Irvine511
Blue Crack Supplier
Yes that's just so pro family. The children will suffer, and I don't know how adults can live with themselves when they do.
don't you see? it's complicated.
Yes that's just so pro family. The children will suffer, and I don't know how adults can live with themselves when they do.
Pro-Gay Marriage Forces Finally Organizing, After Losing
By Pareene, 5:52 PM on Tue Nov 11 2008, 6,267 views
We mentioned it before, but it was sad when, on Election Night, America once again said thanks, but no thanks, to recognizing the rights of gay people. Specifically, California's Proposition 8, which banned the state's previously legal gay marriages, passed. Now, hey, everyone's going nuts. The gays are currently blaming Black People, Mormons, the governor, Barack Obama, and others, and they're protesting and demonstrating and doing all the other things everyone forgot to do before the vote happened.
We know everyone was totally distracted by Barack Obama and his magical election, but guys, even we out here in New York knew you faced a well-funded, well-organized, media-savvy campaign of lies and misinformation, and the pro-gay marriage response was abysmal.
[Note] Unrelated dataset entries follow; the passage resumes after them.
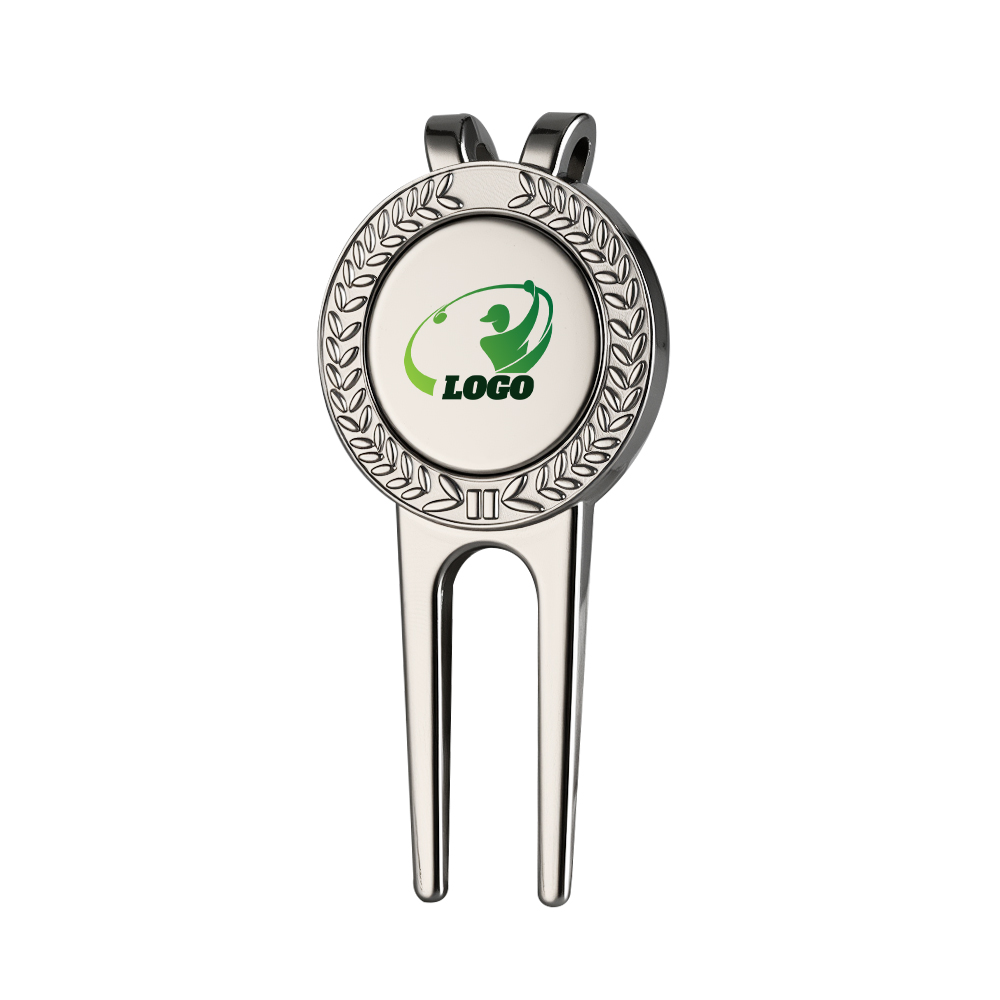 Patterns Golf Divot Tool and Ball Markers Set Nickel with Logo Patterns Golf Divot Tool and Ball Markers Set Nickel with Logo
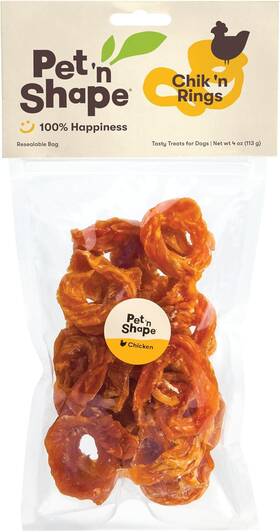 10504 Pet N Shape - Petventures Ftn Chik Rings All Natural Chicken Jerky Dog Treats 4 Oz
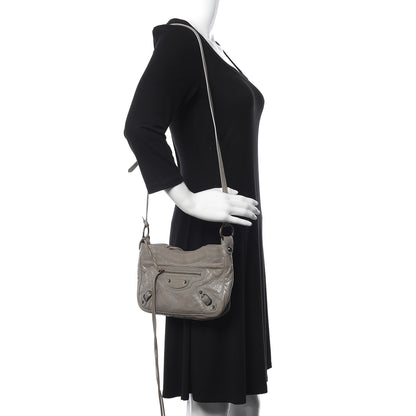 Balenciaga Agneau Classic Hardware Hip Gris Pyrite 2 of 14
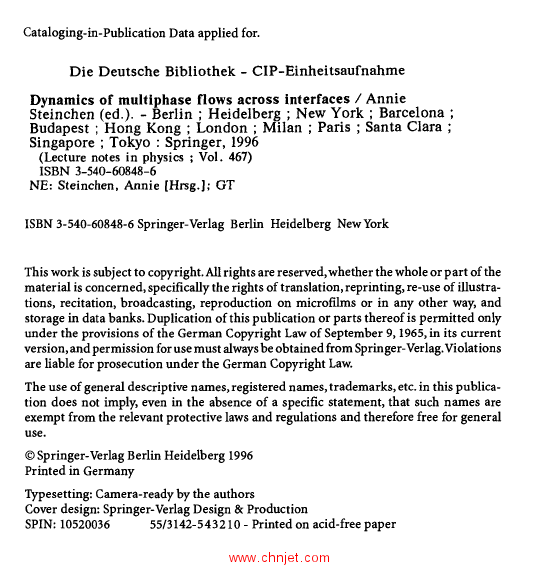 《Dynamics of Multiphase Flows Across Interfaces》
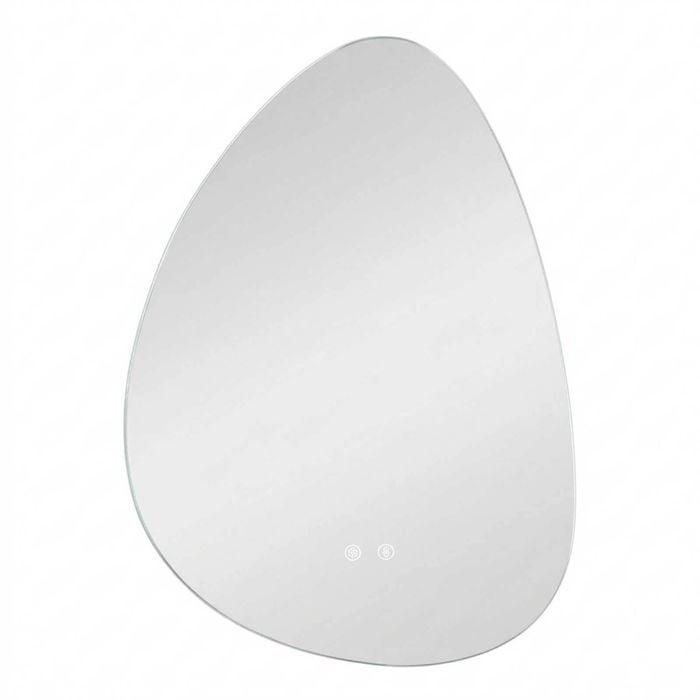 P&p Silver White Contemporary Irregular Led Mirror High Brightness Anti Fog Design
Now—now!—Governor Arnold Schwarzenegger says it's a shame gay marriage was banned, oh boo hoo. He didn't lift a finger to campaign against Prop 8 before! Now David Geffen is quoted in The Daily Beast babbling about the lack of outreach to black voters. Where was his money, before? [Update: Geffen gave $200k, out of his billions.] Did he get his rich liberal friends to contribute as much as the Mormon Church did? Did they use the money to build a grassroots movement as well-organized as the pro-Prop 8 guys did? Check out the list of Hollywood's non-donors as of September 10—many of them did eventually donate, but see how they didn't feel the need to until the last second?
Blaming the blacks is ridiculous and unhelpful and stupid. There aren't enough black people in California to have make the ultimate difference, even with bigger turnout, unless you consider these black voters a subset of religious voters, a giant group everyone should've known they'd have to contend with months ago. Black people certainly posed less of an electoral threat than Catholics did in the California polls.
It seems like everyone just assumed Prop 8 would fail, magically, even when the polls tightened significantly. And now—now!—the protests are ramping up. Now—now!—Keith Olbermann delivers his heartfelt Special Comment. Hey, let's all boycott Sundance! That'll show the Mormons! They won't meddle in our affairs ever again!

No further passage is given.